With a wonderfully truthful sense of childhood influences, he recounts the evolution of his mother’s Glenryck Mackerel (tinned of course) Curry on white rice … a creative cook’s attempt to make the most of cheaply available foods to feed her ever-hungry family. Yes it sounds dire but he assures us it was devoured with delight; and he counterposes it with a poignant account of eating fish curry in a tsunami-ravaged beach café in Mamallapuram.
Hardeep Singh Kohli honours both his parents in their strenuous, determined efforts to survive and prosper as refugees in a strange land; it is especially lovely to see his mother’s sterling efforts so lovingly catalogued. This a great read; do try and get hold of it.
Great concert last night: Gallagher and Lyle at ‘The Byre in the Botanics’, in St Andrews – ie the Byre Theatre organising an open-air event. Wet and cold. Extra clothing precautions of vest, long-sleeved tee shirt, jumper, raincoat, socks, long trousers, proper shoes and woolly scarf all proved woefully inadequate. We were in the front row of the polytunnel/marquee and the wind hit us but the rain didn’t. At one point, Gallagher interrupted Lyle’s introductory comments to ‘Fifteen Summers’ to point out a particularly fine rainbow. ‘Just like a hippy festival, intit?’ said Lyle. Anyway it was still a great concert.
Less impressive was our £25 picnic basket – the veggie option – too much bread and cheese and not much imagination otherwise. Also, for the scone, a small jar of Tiptree jam was provided. Tiptree jam is very nice but hey- St Andrews is right in the heart of Scottish berry country! No attempt in our fancy wicker basket to reflect the great culinary offerings in our own neighbourhood. So that was a bit of a shame. I could have taken them some of my own jammy offerings of the last week: blackcurrant jelly and Tayberry-Strawberry conserve. Impressed? Me too!
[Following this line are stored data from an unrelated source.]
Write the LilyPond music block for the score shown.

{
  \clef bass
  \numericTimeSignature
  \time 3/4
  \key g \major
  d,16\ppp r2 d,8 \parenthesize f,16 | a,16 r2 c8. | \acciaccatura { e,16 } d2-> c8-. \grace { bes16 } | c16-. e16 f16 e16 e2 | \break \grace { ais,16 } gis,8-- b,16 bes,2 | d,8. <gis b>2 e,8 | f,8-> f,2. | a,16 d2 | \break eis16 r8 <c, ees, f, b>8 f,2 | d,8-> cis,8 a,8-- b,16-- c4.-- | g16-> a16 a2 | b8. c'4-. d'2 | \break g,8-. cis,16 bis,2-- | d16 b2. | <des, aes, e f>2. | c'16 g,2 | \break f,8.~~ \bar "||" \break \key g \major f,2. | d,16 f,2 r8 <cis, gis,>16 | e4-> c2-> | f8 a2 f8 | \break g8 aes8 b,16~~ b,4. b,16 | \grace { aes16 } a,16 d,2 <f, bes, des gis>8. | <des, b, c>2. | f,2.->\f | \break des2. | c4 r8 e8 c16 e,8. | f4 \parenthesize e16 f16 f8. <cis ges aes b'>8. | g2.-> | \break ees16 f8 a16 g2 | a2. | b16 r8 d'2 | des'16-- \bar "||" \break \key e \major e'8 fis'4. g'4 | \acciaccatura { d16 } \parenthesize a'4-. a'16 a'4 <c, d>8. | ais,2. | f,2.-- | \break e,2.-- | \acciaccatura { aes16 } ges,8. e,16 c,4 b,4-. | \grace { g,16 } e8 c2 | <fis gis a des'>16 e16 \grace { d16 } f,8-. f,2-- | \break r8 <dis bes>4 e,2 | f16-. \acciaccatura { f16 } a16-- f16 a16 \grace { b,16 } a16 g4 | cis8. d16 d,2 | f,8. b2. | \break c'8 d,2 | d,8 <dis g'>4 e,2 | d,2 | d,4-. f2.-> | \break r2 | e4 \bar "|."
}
Recently I was gifted half a dozen quails’ eggs, by my friend Anne who is on bartering terms with the quailkeeper. They’re such pretty wee things and remind me of The Borrowers. About 25 years ago, my friend Marian and I took our collective Wunderkinder to the Cottiers Theatre in Glasgow to see a staged production of this lovely 1952 children’s story by Mary Norton. It features a family of tiny people who live in the rafters and crannies of an ordinary house, and ‘borrow’ things for their daily use. Anyway, as you can see from my photos (that’s a cherry tomato in the second one, to give a sense of perspective), quails eggs are dinky but just one would probably feed a whole Borrowers family handsomely. I’m slightly embarrassed to admit I ate all six myself at one go, the Troubadour having declined. They taste just like hen eggs.
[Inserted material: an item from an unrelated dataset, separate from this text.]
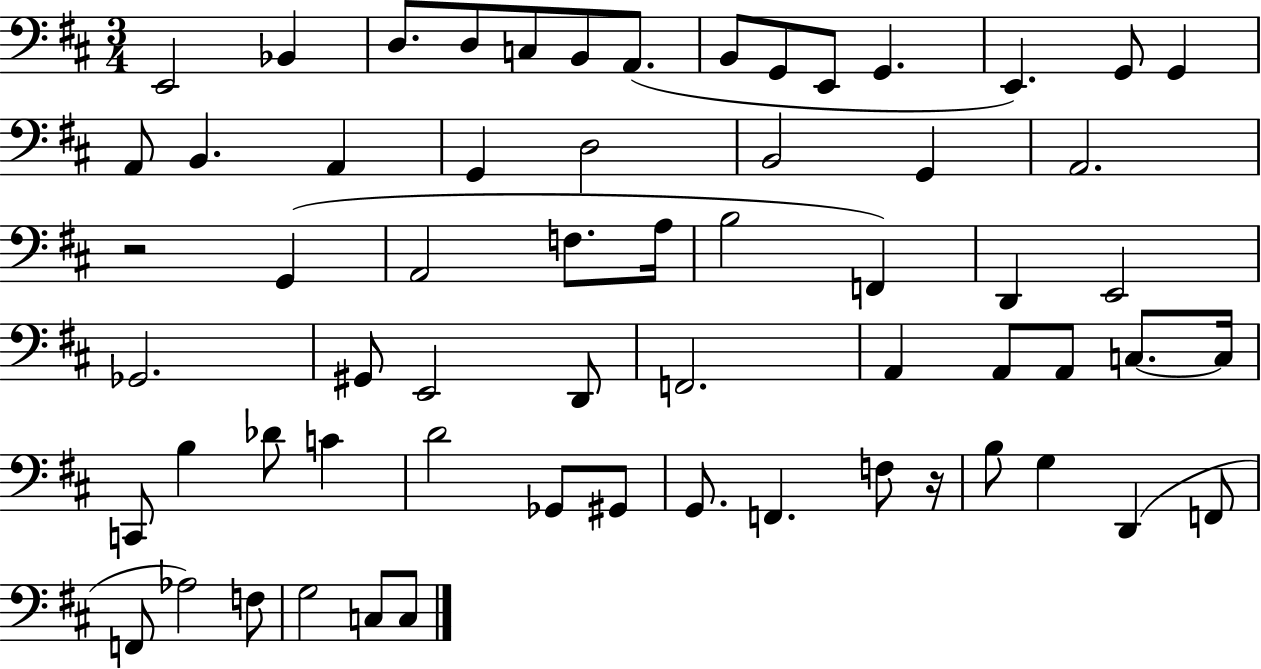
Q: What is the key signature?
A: D major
I had a look online to see how quails are produced. It seems they are quite nervous, flighty birds and according to the Farmers Weekly, there is only one intensive quail farm in the UK. Those quails selected for egg-laying are kept on a ‘free to fly’ basis which I guess means free range. Lots of quails and their eggs are imported so I don’t know what the animal welfare concerns might be there. As usual, I would look for UK or even Scottish birds and eggs, if I were in a shop.
However I have the joy of knowing that mine were produced by a cheerful wee flock pecking around among the backwoods of Newburgh. Thank you ladies, I enjoyed your eggs very much, and also the Borrowers memory they invoked. And thank you Anne, happy bartering!